In the year of the troika’s adjustment and austerity program exit, in 2014, Portugal was the 18th richest country and with the highest well-being measured through the indicator of expenditure made by Portuguese families (per capita, per household). Ten years later, in 2024, the country dropped two places in this ranking, being overtaken by Lithuania and Slovenia, show DN calculations based on data released this Wednesday by the National Statistics Institute (INE).
The group of Portuguese families is now closer to the average for Europe, the European Union and the Euro Zone, it has improved, of course.
But looking at the general picture, other countries recovered or increased income and expenses more quickly, surpassing Portugal, shows the INE study.
In the case of Portugal, the level of “Individual Consumption Expenditure per capita, which constitutes a more appropriate indicator to reflect the well-being of families”, according to INE terms, stood at 85.7% of the European Union average last year. In 2014, it was 82.6%.
However, the spark in convergence and progress was greatest in Lithuania (whose indicator relating to household income well-being) is already 88.1% of the European average. Slovenia also surpasses Portugal with 85.9% of the average.
The ranking made by INE for this indicator, which covers the 27 EU and other European and contiguous countries, in a total of 36 nations, is led by Luxembourg (146%), Norway (120.9%) and the Netherlands (120.3%) and Germany (119.3%).
The families in the worst position are Albanians (46.7%) and Bosniaks (42%). In the EU, in last place are Latvia (72.1%) and Hungary (72.5%).
In addition to the indicator that measures household expenditure, INE (as well as Eurostat) measures the performance of economies as a whole through Gross Domestic Product (GDP) per capita corrected to reflect purchasing power capacity. It is the most comparable in international, European terms.
According to the institute, in 2024, “Portugal’s Gross Domestic Product per capita, expressed in Purchasing Power Parities (PPP), stood at 82.4% of the European Union average, a value 1.3 percentage points (pp) higher than that recorded in 2023 (81.1%)”.
Thus, Portugal occupied “15th position among the 20 countries in the Euro Zone and 18th in the European Union, maintaining the same positions as in the previous year”.
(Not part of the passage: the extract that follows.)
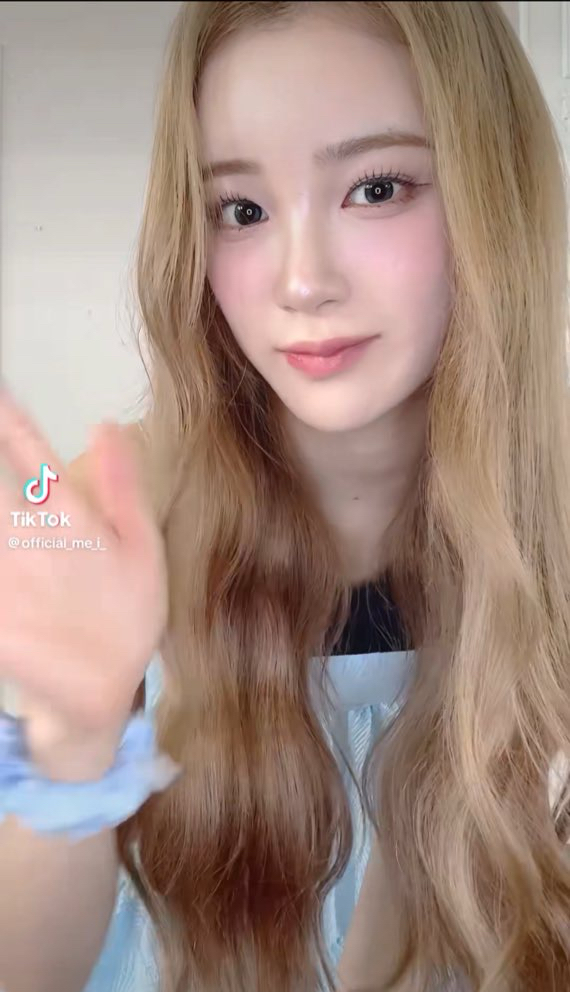 Behind-the-scenes cut of Sakurai Miu (ME:I)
The aforementioned “Individual Consumption Expenditure per capita”, the most appropriate indicator to reflect the financial well-being of families, “stood at 85.7% of the European Union average, 0.2 pp higher than that observed in the previous year, occupying the 15th position in the Euro Zone and the 17th in the European Union (14th and 16th positions, respectively, in the previous year)”, says INE.
In a separate study, also released this Wednesdaythe reality of the Portuguese economy appears to be very different, depending on the regions considered.
According to INE, “in real terms, Portuguese GDP grew 2.1% in 2024, with slightly different variations between regions”.
At the bottom, “it is estimated that Alentejo (1.1%) and the Autonomous Region of Madeira (1.5%) recorded the weakest performances”.
“In the remaining territory, the evolution was close to the national average, with the Center equaling the country, the West and Tagus Valley, Greater Lisbon and the Setúbal Peninsula slightly surpassing (0.1 percentage points – pp) the national average and the remaining regions (North, Algarve and the Autonomous Region of the Azores) showing growth 0.2 pp higher than the country”.
However, unlike what happened in 2023, in which there was a worsening of the regional disparity in GDP per capita, in 2024, the results indicate a slight reduction, with the difference between the region with the highest index, (Greater Lisbon) and the lowest (Península de Setúbal), going from 89.8 pp to 89.2 pp”.
Greater Lisbon continues to be the richest region
“GDP per capita in purchasing power parities in Greater Lisbon once again surpassed the EU27 average, reaching 128.9%”, but in the remaining regions, except Alentejo, which maintained the 2023 index (77.1%), they approached the European average”.
“The Algarve reached 89.2%, the Autonomous Region of Madeira 88.3%, the Autonomous Region of the Azores 72.5%, the Center 70.7% and the North 70.8%. Despite also converging, the West and Tagus Valley (64.6%) and the Setúbal Peninsula (55.4%) continue to present the lowest levels of GDP per capita compared to the European average”, refers to the same work by INE.